Request for a resource when generated by the client is routed to an appropriate Resource Region (present in one Amazon EC2 Region). The request is routed to the region closest to the client's location. This is done automatically by Amazon. The request first lands on the Elastic Load Balancer (ELB) of the Resource Region. The ELB sends the resource request to one of the region servers. This forwarding of requests is based on the ELB's request distribution algorithm. The region servers are auto-scaled which means that the number of servers will increase or decrease as the resource requests increase or decrease. There can be different auto-scaling criteria like bandwidth, requests per second, idle CPU time, etc. Once the request reaches the region server, the server determines the cluster to which the request should be forwarded (based on the resource type). The region server then forwards the request to the ELB of the selected cluster. The cluster ELB then routes the request to one of the cluster servers. The cluster servers are auto-scaled just like the region servers. When the request is received by the cluster server, the cluster server uses consistent hashing to figure out what ring cluster to forward the request to. After identifying the ring cluster, the request is forwarded to the ring cluster ELB. This ELB then forwards the request to any MySQL ring server. MySQL ring server has a web service that takes the resource ID and looks for the resource in the database. It then returns the appropriate response (resourceLocation or notFound). Unlike the other servers (region and cluster), the ring servers are not auto-scaled. For ease of deployment and re-use, we will use server templates for Region Server, Cluster Server, Ring Server. The templates will contain all of the necessary server configuration. All we need to do to add an additional pre-configured server is spawn

another instance of a template.

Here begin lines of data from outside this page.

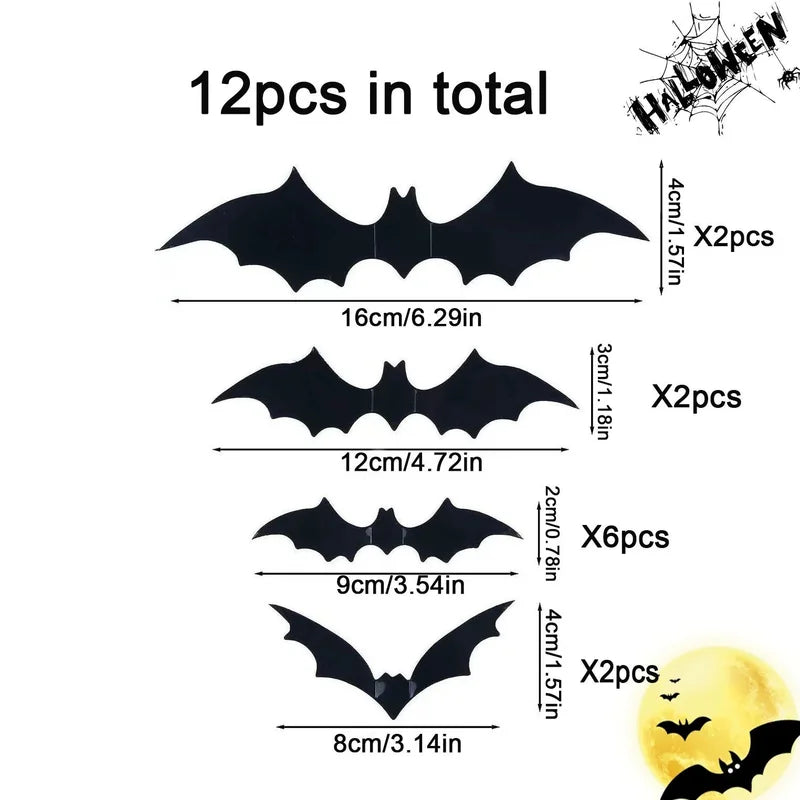 Halloween Bat Wall Decorations - 3D PVC Wall Stickers for Spooky Holiday Home Decor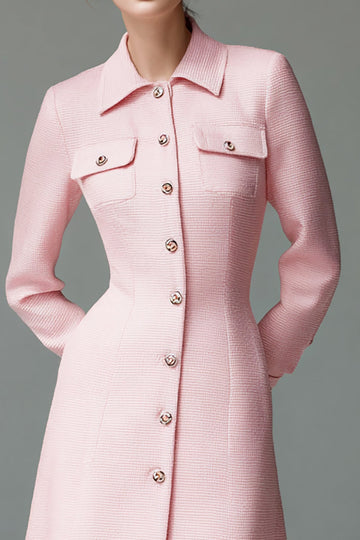 Pink A Line Collar Neck Short Blazer Dress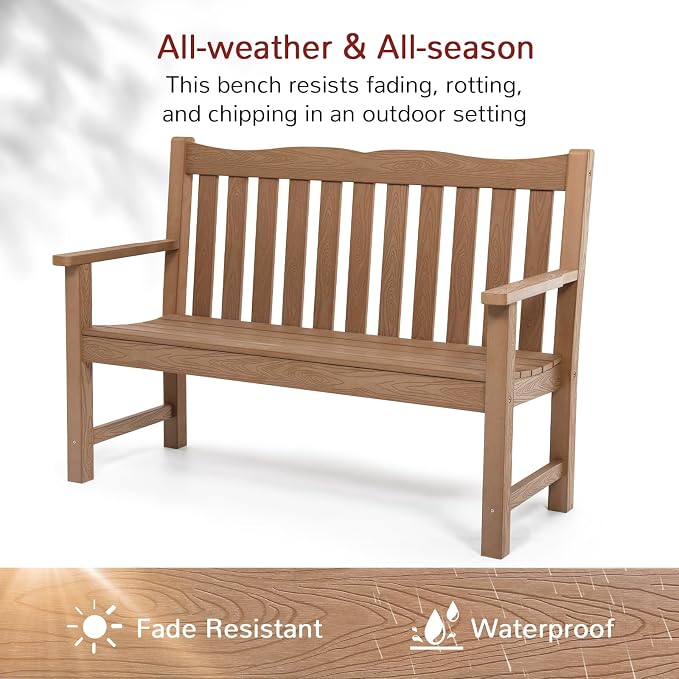 Stoog Oversized All-Weather Garden Bench & Chairs Set, 3-Piece Patio Furniture - Image 4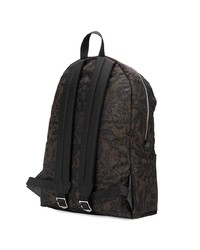 dunkelbrauner bedruckter Rucksack von Alexander McQueen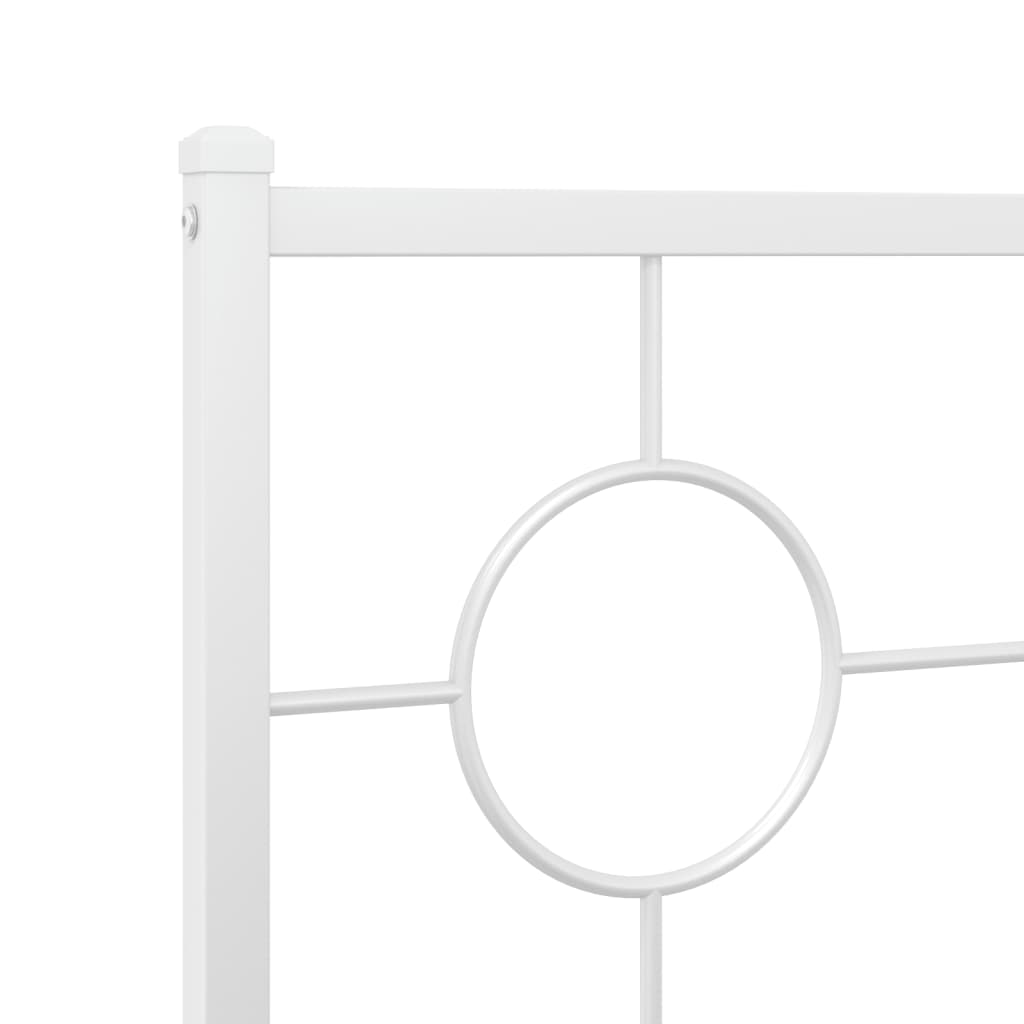 Cadre de lit métal sans matelas et tête de lit blanc 150x200 cm - XIOS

We can also clone the Ring Cluster (Farm Cloning) to create a new Ring Cluster when we need more rings, in the case of new resources being added to the system.

Security

All of the servers will be closed to public access. Only for the reason of region synchronization will the cluster servers be allowed to connect to the cluster server of the neighbor region.

Testing Clusters

Now that the regional architecture is set up, we also need to simulate millions of users accessing the data concurrently across all seven regions of the EC2 platform. The following diagram is an example of how we plan on testing our region architecture described above:

We will create a separate instance of the EC2 platform which will send requests to our regional architecture at a predefined rate. These instances will be known as the Tester instances. The Tester instances will take advantage of predefined tools and use our Tester template to spawn multiple instances of a tester for each region, which will allow us to scale up the number of requests and analyze the network traffic and bandwidth used. This approach allows us to create as many or as few requests per second as we want for testing purposes.